Norconex / importer

Norconex Importer is a Java library and command-line application meant to "parse" and "extract" content out of a file as plain text, whatever its format (HTML, PDF, Word, etc). In addition, it allows you to perform any manipulation on the extracted text before using it in your own service or application.
http://www.norconex.com/collectors/importer/
Apache License 2.0
33 stars 23 forks source link

Question - tagger lifecycle #60

Closed danizen closed 7 years ago

danizen commented 7 years ago

Will the tagger object be instantiated again and again throughout the crawl, or only once at the start and end of the crawl? Or, is the life-cycle more complicated?

Background - I am writing a couple of taggers, and I am no longer attempting to generalize to a Jdbc tagger or general REST API tagger, but instead I'm writing very specific taggers to do specific things, sometimes with an RDBMS and sometimes with a REST interface. I need to know how to manage Connection, PreparedStatement, and other durable objects so that they can be used efficiently.

essiembre commented 7 years ago

If you are talking about loading them via XML configuration, then you can assume a new instance will be created upon starting for each entry in your config, and they will each live until your crawler dies (they are not recreated each time they are accessed). Importer handlers are built with thread-safety in mind.

If you do it via coding, you control what the instances are and how they are shared.
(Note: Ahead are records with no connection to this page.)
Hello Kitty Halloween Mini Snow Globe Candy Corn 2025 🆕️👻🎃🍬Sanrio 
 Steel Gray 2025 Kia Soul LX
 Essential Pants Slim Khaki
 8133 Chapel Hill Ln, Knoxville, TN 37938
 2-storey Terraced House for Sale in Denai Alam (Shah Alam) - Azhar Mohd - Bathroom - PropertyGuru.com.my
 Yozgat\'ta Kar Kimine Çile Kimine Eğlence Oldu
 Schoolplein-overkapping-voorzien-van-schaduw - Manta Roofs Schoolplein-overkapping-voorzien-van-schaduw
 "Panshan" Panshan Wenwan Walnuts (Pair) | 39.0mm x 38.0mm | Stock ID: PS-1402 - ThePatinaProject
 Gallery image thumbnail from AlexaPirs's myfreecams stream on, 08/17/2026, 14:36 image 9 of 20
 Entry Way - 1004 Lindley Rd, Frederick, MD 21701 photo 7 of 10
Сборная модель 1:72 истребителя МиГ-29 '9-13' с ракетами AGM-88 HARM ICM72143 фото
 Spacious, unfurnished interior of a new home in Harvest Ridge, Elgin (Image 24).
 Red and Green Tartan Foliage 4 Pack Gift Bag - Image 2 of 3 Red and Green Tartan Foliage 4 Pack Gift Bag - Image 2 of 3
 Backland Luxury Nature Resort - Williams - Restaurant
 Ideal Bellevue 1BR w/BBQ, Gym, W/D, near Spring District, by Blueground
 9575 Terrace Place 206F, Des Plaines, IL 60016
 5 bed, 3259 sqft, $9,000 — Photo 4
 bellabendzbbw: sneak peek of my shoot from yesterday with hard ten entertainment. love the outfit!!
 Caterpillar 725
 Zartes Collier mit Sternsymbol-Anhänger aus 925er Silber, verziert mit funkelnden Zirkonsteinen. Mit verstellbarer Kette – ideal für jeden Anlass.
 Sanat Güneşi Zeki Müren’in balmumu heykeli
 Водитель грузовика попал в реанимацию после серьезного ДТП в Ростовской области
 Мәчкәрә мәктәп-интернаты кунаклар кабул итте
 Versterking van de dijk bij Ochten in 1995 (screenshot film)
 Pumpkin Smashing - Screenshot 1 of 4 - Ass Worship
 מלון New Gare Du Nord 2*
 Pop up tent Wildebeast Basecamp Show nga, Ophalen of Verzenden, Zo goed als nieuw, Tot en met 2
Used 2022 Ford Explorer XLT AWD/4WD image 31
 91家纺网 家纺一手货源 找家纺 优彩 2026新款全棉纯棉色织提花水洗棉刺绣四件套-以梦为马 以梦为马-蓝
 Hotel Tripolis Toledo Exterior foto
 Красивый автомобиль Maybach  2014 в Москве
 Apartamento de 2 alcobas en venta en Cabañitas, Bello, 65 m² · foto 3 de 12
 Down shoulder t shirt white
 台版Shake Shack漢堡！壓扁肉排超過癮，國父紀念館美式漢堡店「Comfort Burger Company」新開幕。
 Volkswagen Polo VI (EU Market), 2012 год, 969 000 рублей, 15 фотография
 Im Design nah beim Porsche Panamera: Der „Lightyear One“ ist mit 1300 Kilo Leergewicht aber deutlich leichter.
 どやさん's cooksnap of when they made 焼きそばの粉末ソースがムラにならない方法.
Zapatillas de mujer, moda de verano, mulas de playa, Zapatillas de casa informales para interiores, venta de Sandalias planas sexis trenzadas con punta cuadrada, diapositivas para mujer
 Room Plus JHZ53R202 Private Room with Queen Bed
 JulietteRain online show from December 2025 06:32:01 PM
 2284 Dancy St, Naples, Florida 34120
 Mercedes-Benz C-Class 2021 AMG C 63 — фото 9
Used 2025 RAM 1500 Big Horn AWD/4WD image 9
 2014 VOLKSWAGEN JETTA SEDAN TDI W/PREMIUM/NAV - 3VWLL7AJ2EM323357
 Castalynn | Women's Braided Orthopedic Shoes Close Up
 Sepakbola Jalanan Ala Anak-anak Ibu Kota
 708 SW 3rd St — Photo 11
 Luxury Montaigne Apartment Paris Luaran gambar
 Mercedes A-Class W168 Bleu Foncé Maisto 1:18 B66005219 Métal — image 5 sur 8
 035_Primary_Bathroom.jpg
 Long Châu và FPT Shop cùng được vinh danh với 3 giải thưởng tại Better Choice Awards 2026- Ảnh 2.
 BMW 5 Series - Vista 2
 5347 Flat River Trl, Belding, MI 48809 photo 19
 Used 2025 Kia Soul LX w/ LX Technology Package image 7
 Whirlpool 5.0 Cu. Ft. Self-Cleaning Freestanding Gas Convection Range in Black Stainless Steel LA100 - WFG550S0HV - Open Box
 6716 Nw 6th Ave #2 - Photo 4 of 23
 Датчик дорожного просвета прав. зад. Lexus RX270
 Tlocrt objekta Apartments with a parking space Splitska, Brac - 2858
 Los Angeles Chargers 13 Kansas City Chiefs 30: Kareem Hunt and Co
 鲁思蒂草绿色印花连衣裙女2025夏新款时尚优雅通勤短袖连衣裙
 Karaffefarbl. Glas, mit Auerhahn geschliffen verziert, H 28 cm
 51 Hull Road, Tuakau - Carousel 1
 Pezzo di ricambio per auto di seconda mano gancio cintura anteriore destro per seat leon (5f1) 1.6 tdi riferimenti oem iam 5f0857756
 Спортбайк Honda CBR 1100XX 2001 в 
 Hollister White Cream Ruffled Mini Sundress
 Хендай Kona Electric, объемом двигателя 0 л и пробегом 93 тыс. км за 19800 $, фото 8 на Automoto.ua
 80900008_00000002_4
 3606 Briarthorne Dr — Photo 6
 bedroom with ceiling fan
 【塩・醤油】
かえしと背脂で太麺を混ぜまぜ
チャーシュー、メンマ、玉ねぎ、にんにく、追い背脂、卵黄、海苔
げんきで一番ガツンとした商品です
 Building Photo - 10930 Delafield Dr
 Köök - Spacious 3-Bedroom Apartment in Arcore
A suggestion: you can probably have a connection pool accessible via singleton. You can initialize it and destroy it using a Collector listener or crawler listener, depending on the scope you want to give it (assuming you use a collector).

Does that answer?

danizen commented 7 years ago

I have already the singleton, and connecting it to a crawler listener is a good idea. I will do that. This probably means the singleton will grow into a connection manager and data access object (DAO). That's probably better that spreading it all over.